There was no claim of responsibility, but Kurdish rebels and Islamic militants are active in Istanbul.
The intended target of the attack appeared to be a police vehicle carrying 21 officers that was just passing the site where the blast occurred, said Police Chief Huseyin Capkin.
The bus came to a halt some 50 yards (meters) away, said one witness said. Forensic teams quickly covered it in blue nylon sheets as experts searched a cordoned-off area for fragments of the bomb.
NTV television, without citing sources, said the bomb was similar to another device that had exploded on a bicycle near a bus stop in Istanbul last year, wounding eight people, including a police officer. The government at the time said the attack resembled a Kurdish rebel operation.
In 2007, bombs mounted on bicycles exploded in the mostly Kurdish city of Diyarbakir in southeastern Turkey and in the western coastal city of Izmir. Authorities blamed Kurdish rebels for those attacks, which killed one person and wounded about 20.
Thursday’s blast occurred amid escalating calls by Turkish Kurds for autonomy and other rights and a police crackdown on suspected affiliates of the Kurdish rebel group PKK.

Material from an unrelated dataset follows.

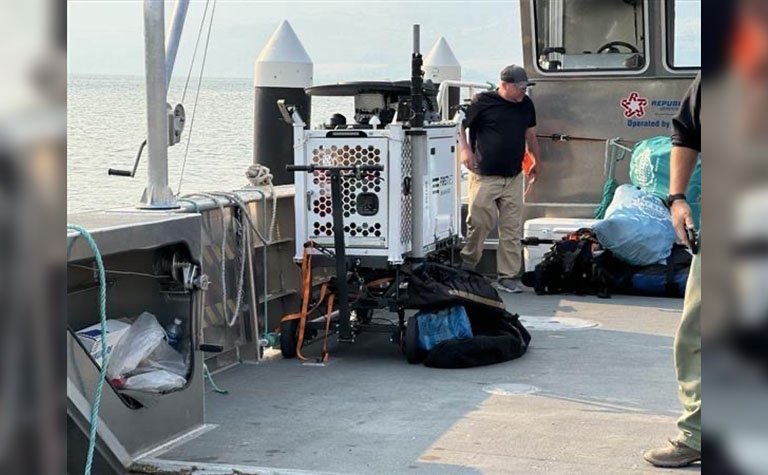 FirstNet Compact Rapid Deployable (CRD) being deployed via barge during the Pioneer Fire.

The rebel group also had said that Turkey would face more violence, if it did not halt its military drive against the autonomy-seeking rebels.
The guerrillas took up arms in 1984, and tens of thousands of people have died in the conflict. Much of the violence centers on the predominantly Kurdish southeast of the country, with rebels resupplying and sheltering in bases across the border in northern Iraq.